We have found that the statement "reinforcement produces an increment in
behavior" leads to behavior that does not match what happens in
experiments, whereas the statement "Behavior is proportional to the
difference between a reference value Co and the actual value of the
contingent consequence C," leads to behavior that changes from any
starting rate to a final rate in a negatively-accelerated exponential
way -- which is what is observed.

The conventional way of defining reinforcement as an increment in
behavior actually leads to a prediction of either zero behavior or a
positive-feedback runaway condition. The difference between what does
happen (an approach to an asymptote) and the implication of the
definition of reinforcement (runaway) has, I assume, been recognized.
This difference, however, has not been attributed to an error in the
assumed mechanism of reinforcement. Instead, it has been assumed to be
due to failure to take into account a second phenomenon: satiation. The
basic conclusion has been that there would indeed be a runaway
condition, but as the reinforcement rate rises, satiation begins to
increase nonlinearly, until it is sufficient to stop the runaway.

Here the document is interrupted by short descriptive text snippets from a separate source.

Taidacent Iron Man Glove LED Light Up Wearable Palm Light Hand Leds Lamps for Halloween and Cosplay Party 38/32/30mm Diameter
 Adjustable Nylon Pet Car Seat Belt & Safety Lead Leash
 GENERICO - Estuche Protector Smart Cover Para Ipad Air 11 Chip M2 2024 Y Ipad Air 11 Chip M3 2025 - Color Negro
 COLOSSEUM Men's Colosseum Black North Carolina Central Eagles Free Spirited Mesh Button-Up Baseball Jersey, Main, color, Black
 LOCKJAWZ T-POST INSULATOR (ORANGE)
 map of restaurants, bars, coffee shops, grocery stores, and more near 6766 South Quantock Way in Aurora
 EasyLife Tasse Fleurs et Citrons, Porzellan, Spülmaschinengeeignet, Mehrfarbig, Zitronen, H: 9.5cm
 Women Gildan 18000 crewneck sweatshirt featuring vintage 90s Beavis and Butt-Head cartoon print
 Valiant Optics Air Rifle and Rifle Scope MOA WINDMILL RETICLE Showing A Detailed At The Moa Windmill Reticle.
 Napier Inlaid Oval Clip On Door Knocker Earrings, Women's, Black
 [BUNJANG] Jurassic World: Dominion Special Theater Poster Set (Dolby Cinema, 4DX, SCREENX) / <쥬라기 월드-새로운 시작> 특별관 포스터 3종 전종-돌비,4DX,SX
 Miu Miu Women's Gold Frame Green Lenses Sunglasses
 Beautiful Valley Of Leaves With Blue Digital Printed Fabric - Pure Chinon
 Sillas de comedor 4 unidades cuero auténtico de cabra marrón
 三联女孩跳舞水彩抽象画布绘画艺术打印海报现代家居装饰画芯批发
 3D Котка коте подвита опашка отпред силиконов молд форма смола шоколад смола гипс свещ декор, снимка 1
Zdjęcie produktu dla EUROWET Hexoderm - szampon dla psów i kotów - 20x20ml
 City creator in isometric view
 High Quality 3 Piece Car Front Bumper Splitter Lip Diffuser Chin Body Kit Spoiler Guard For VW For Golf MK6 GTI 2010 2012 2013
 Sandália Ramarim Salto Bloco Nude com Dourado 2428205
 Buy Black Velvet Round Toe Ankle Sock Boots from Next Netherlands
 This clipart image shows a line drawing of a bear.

In more complex schedules like a VI schedule, there is a natural
nonlinearity in s(B) which, with just the right values of the system
constants, can produce runway at low levels of behavior but an approach
to an asymptote at high levels, without requiring the introduction of
satiation to save the theory. However, the alternative law given above
also produces the same result, but does not depend so delicately on
assuming just the right values of system parameters -- and it works for
ratio schedules as well.

The real problem with the conventional model is that the wrong law has
been assumed. The observed behavior is NOT implied by the assumption
that an increment in reinforcement produces an increment in behavior.
The cure for the failure to predict is not to add new phenomena ad hoc,
but to use a law that _does_ lead to the observed behavior: the PCT
model.

The difference between reinforcement theory and PCT comes down to the
two models assumed:

Reinforcement: dB/dt = k1*C - k2*B

PCT: dB/dt = k1*(Co - C)

You will notice that C enters with opposite signs in these two models.

By this analysis, we can see that the statement "reinforcement causes an
increment in behavior rate," which is a definition of reinforcement, is
incompatible with the observation, "Behavior and reinforcement rate rise
to an asymptotic value", which is roughly how the _phenomenon_ called
reinforcement is described. The PCT model shows how both behavior rate
and reinforcement rate can rise to an asymptote while the reinforcement
rate always has a _negative_ effect on the behavior rate.
-----------------------------------------------------------------------
Best,

Bill P.